Science is learnt by doing experiments and making observations. As a science teacher, taking students to the lab and getting them to try experiments gives me a feeling of immense accomplishment. The moment a lab session is announced, the students sit up straight, faces brighten and their questions keep pouring in. Students have ample opportunity to change variables in the experiment, observe changes and justify concepts. Labs have always been associated with fun, creativity, a safe place to make errors without being judged.

When the school moved to the online mode, there was this one nagging question on my mind – How are the students going to learn without doing experiments?
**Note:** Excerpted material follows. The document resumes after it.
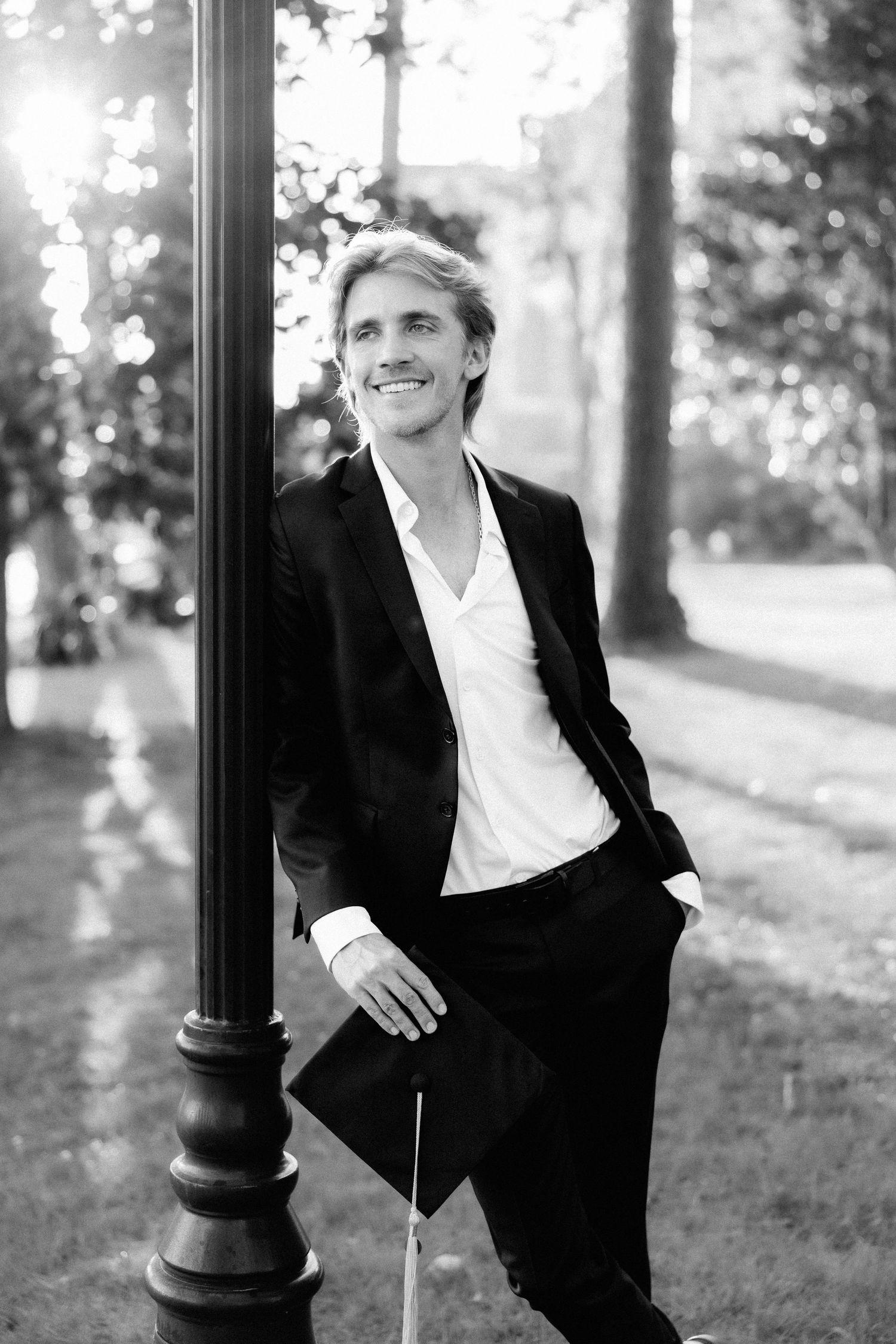 Smiling man in black suit leaning against lamp post in park, black and white portrait photography.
How will I retain their interest without a physical lab? How do we compensate for the lab sessions? My mind at that time could be compared to the busiest crossroad in Bangalore–so Chaotic !!! So I started seeking answers to those questions and finding alternatives. Google gave a lot of options and so did our ELC team. We started to introduce simulations in our lesson plans and many DIY experiments during our science club sessions. I started planning with a lot of apprehensions, practised clicking on all options possible so that I would be ready with answers when children needed one. To my amazement, most of the students were able to navigate the simulations, interpret results and in fact I learnt a few shortcuts from them.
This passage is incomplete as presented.